**Assigned task**
Produce a word-for-word copy of the lines from the one that contains "Front view of" to the final line of the data below, with all pictures dropped.
== Extracted material
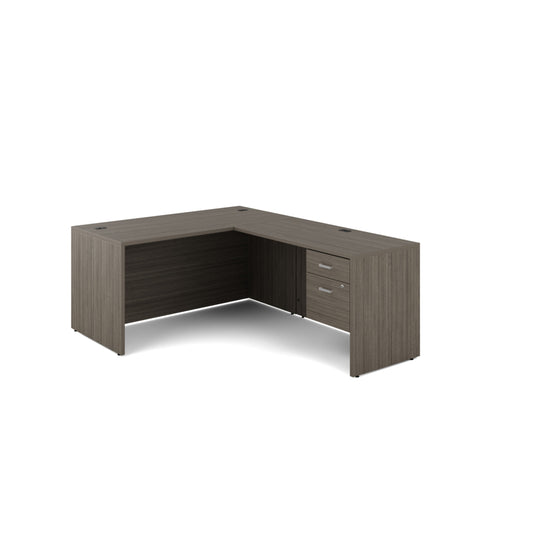 Offices to Go Newland L-Shaped Workstation - 2 Drawer - 60" x 78" - Grey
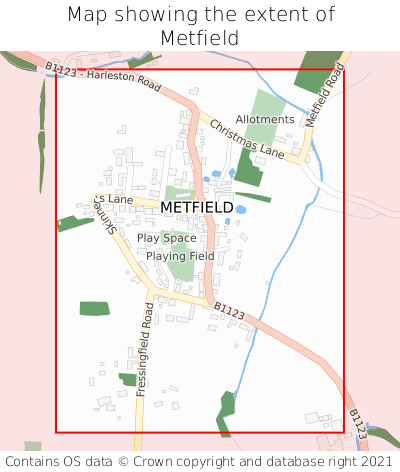 Map showing extent of Metfield as bounding box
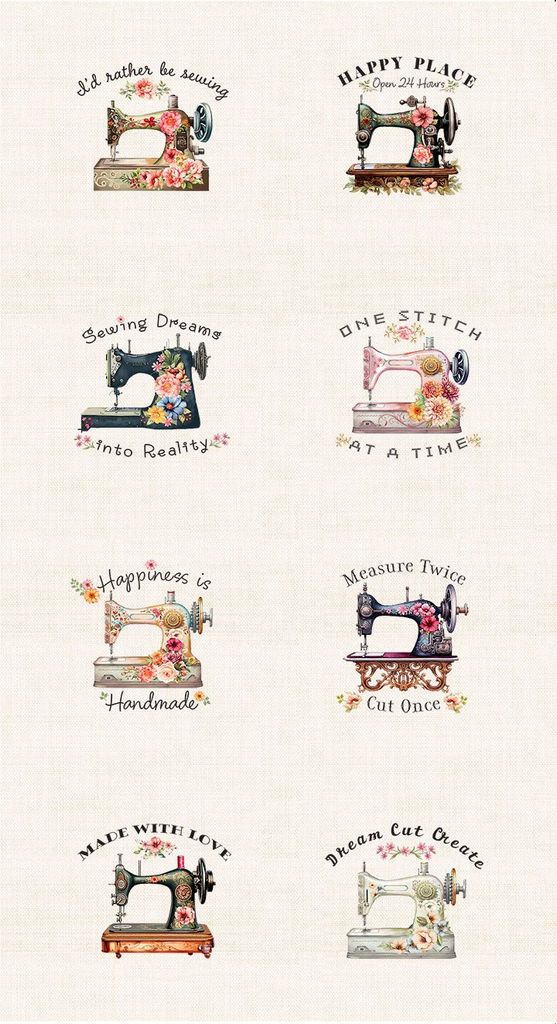 Timeless Treasures Happy Place Sewing Machine Panel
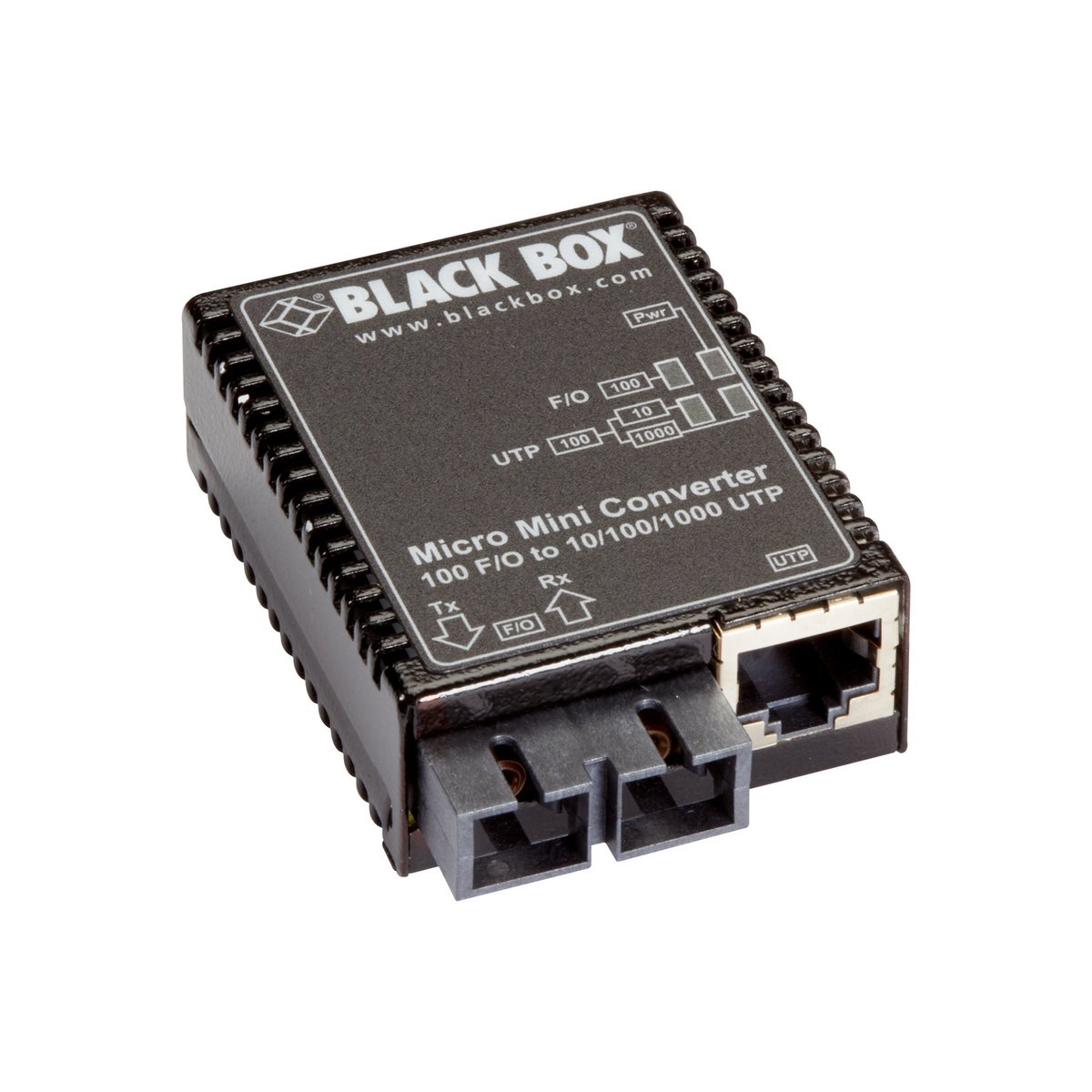 Black Box LMC402A Fast Ethernet (100-Mbps) Media Converter - 10/100/1000-Mbps Copper to 100-Mbps Multimode Fiber, 1310nm, 5km, SC, North America Power Supply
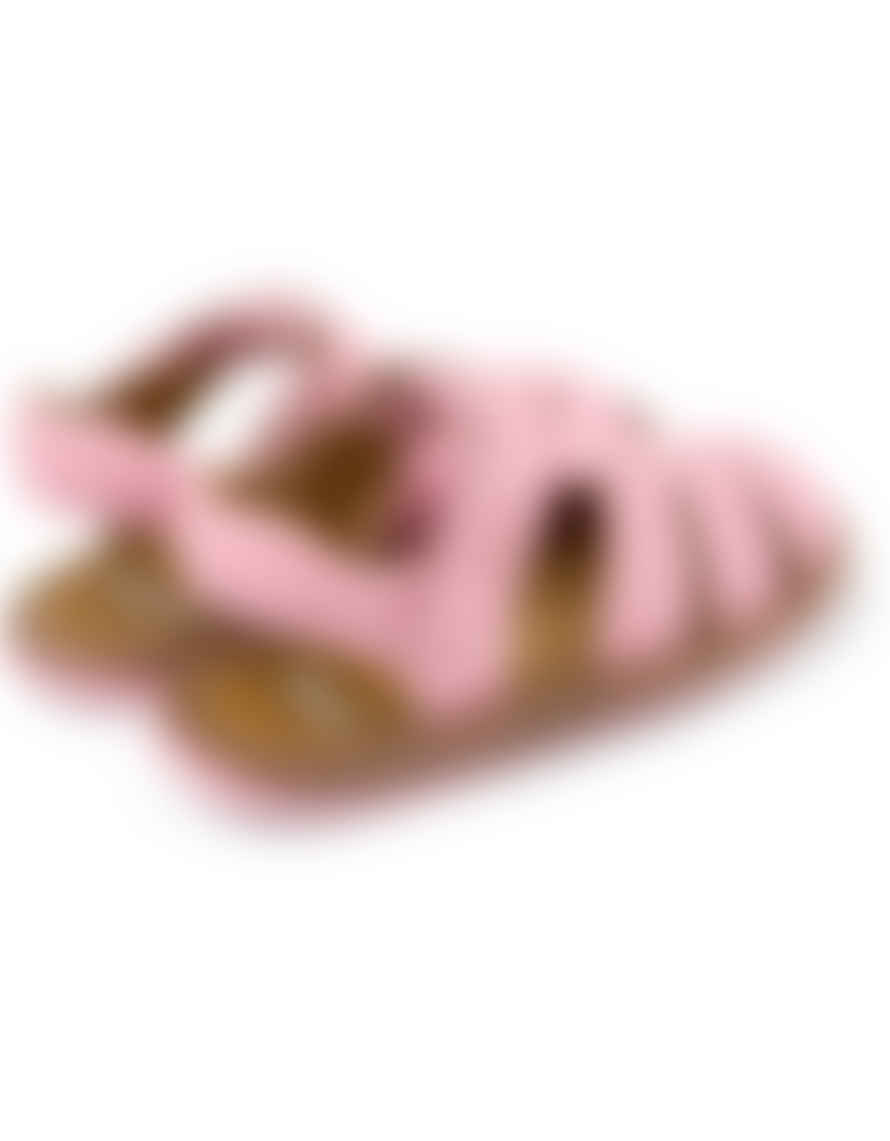 Camper : Bicho Girls Velcro Closed Toe Sandals - Pink Leather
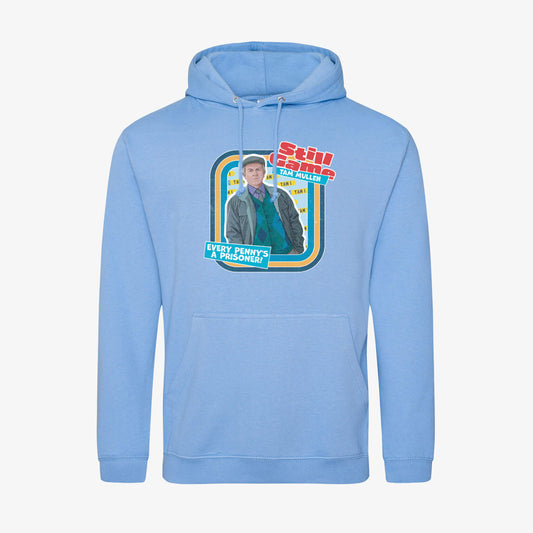 Front view of cornflower blue hoodie with Tam Mullen: Every Penny's A Prisoner! design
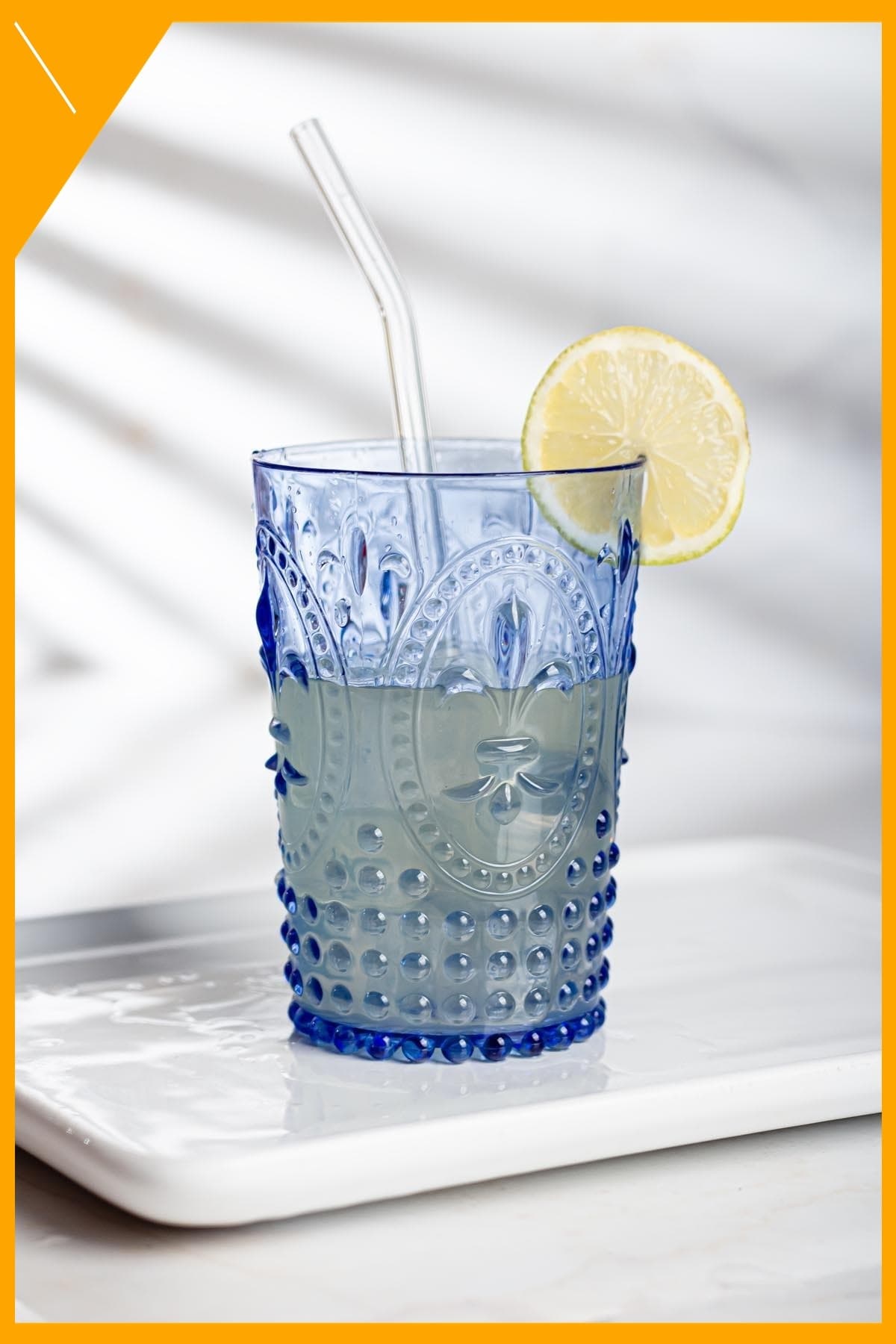 Mavi Akrilik Kırılmaz Su Meşrubat ve Kahve Yanı Bardağı 400 ml - Şık Tasarım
====
**Exercise output**
 Front view of cornflower blue hoodie with Tam Mullen: Every Penny's A Prisoner! design
 Mavi Akrilik Kırılmaz Su Meşrubat ve Kahve Yanı Bardağı 400 ml - Şık Tasarım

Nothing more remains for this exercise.